The actual thermistor is about 1/4" from the end of the cavity is surrounded will a thermal grease.... looks like the stuff used on the heat sink to CPU interface. With the unit cracked I'd assume the heat transfer to the actual thermistor would be reduced thus the lower reading.
Thanks for the feedback....

A note to CaptainXL..... I don't see any necked down portion on the Motorad stat... maybe they changed design. I can post a pix if of interest. The AC Delco that I had replaced has Behr marking on it. I had bought it thru Amazon as an ACD stat. It does have some crinkles in the bend but doubt a flow restriction. As I said it's a puzzle why the pellet is marked 87C but it's spec'd as 192°.
 

bobdec

Member
Apr 19, 2013
233
This is my opinion only..they say 192 but 87*C = 186.6* F, the Gates and Stant T-Stats say 190* (that's 88*C). My guess it it's just stamped 87C/192 that way to satisfy buyer requirements. Were looking at 3-5* difference at low end, not important, since the T-Stat low end temp controlling engine temp is only applicable when moving over 30 MPH in cool air.
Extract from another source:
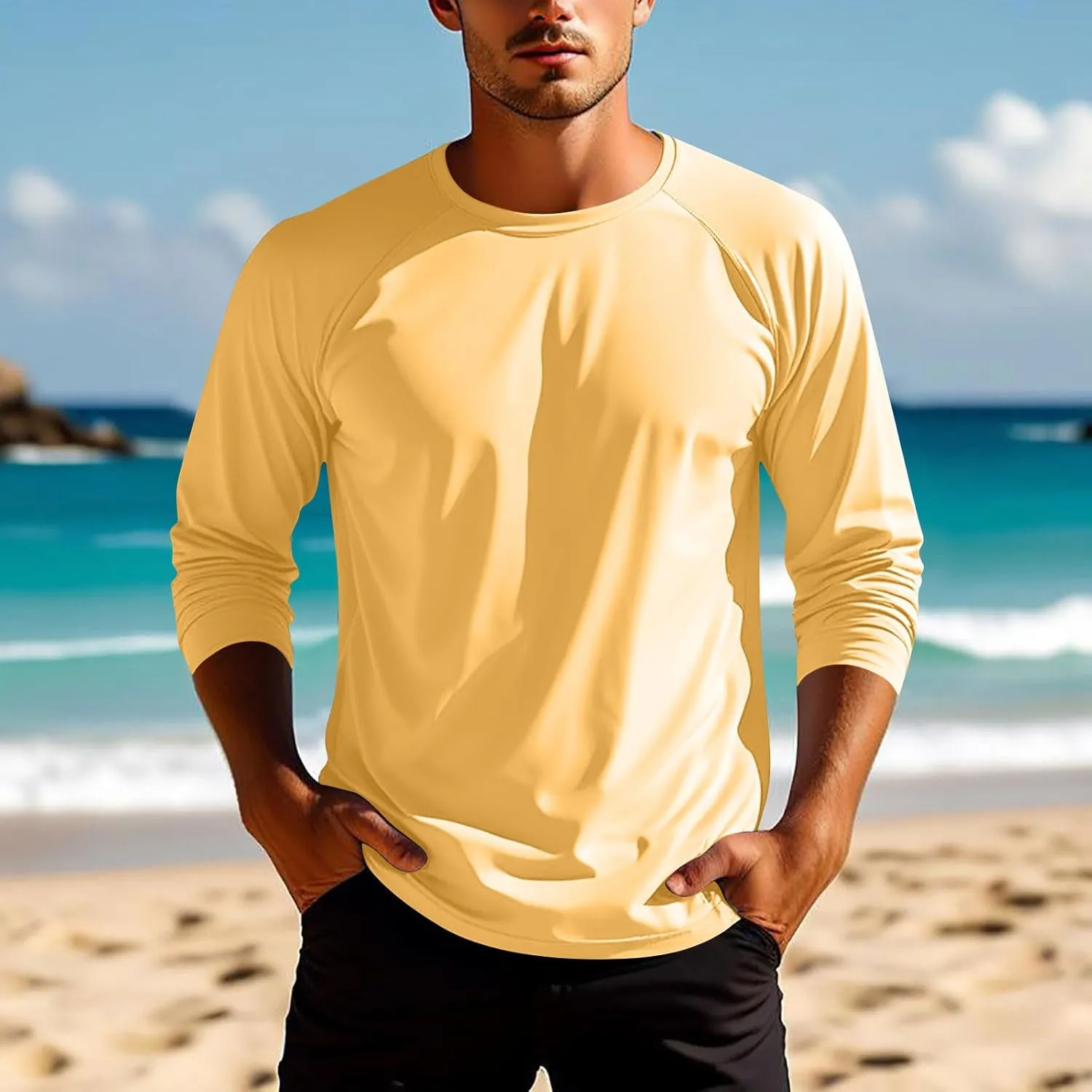 Mens Sun Shirts UV Protection Long Sleeve Beach Fishing Swimming Clothes Quick Dry UPF 50  SPF Rash Guard Outdoor Top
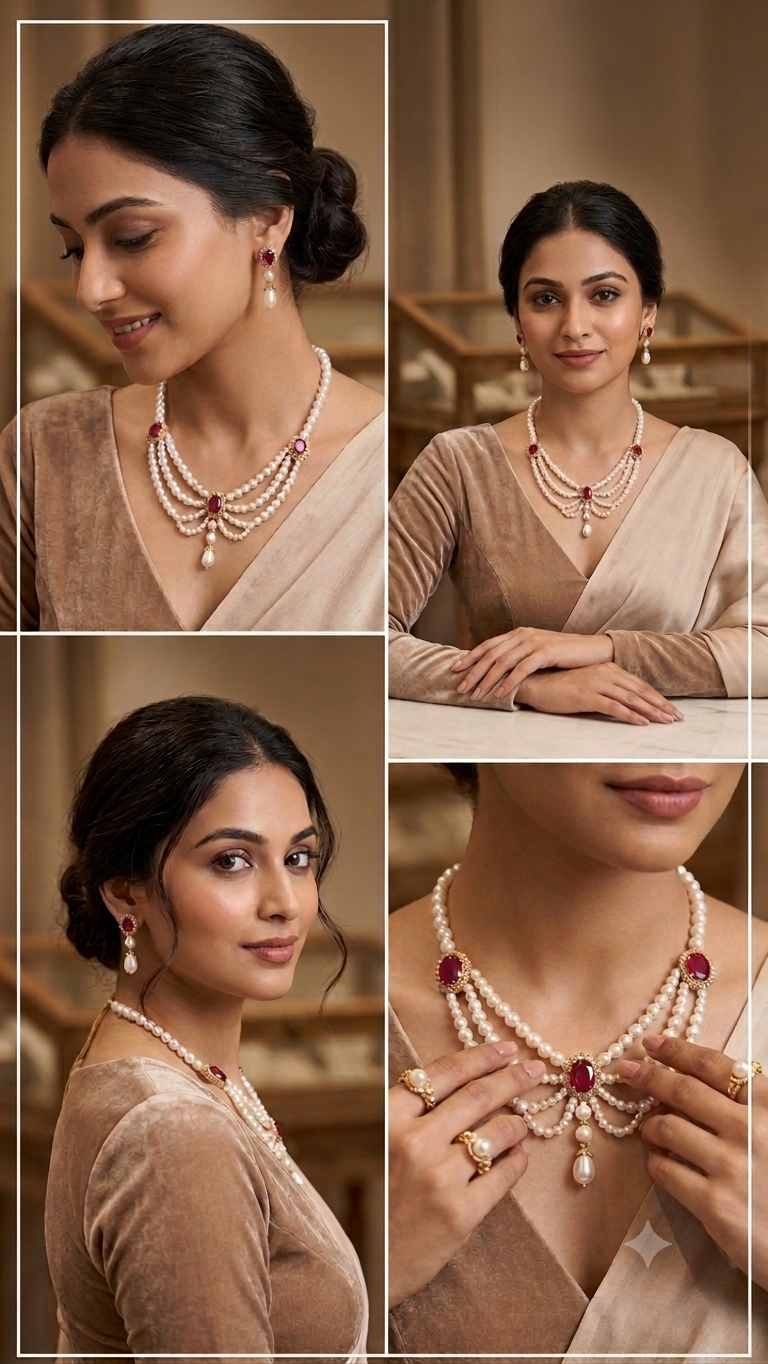 Elegant Pearl & Ruby Statement Necklace Set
A T-Stat typically fully opens at 10*F above rating. So you may never, or rarely, see the low 186.6 or 192 end as the T-Stat is just partially opened at that temp. You will only see close to low ends temps when moving on a cool day w/AC off (no fan). When slowed or stopped, T-stat starts to open fully, radiator coolant starts to get hotter, the engine temp starts to rise and the PCM will start the fan (7%) when engine hits 210*F. Fan cools the radiator, at that time T-Stat is wide open and cooler coolant holds the engine at 210 +/- a couple of degrees. So you have then switch from T-Stat control of engine temp to PCM control. The PCM then regulates fan to required speed to hold 210 So you usually see gauge hovering near 210 at that operating scenario. Key is the T-Stat controls the low operating temperatures of the engine, but the PCM controls the operating and high temp end (that assumes no defective components). Very rarely do we see the engine running temp at the T-Stat spec, therefore it's rated temp is not as critical. More important is how fast and how far it opens at specific temperatures. I left out AC on scenario, the PCM will start running the fan (6%) when AC pressure hits 105 PSI, so that will cool the radiator even if engine is not at 210*F, At that time you may see the temp below 210 even when stopped.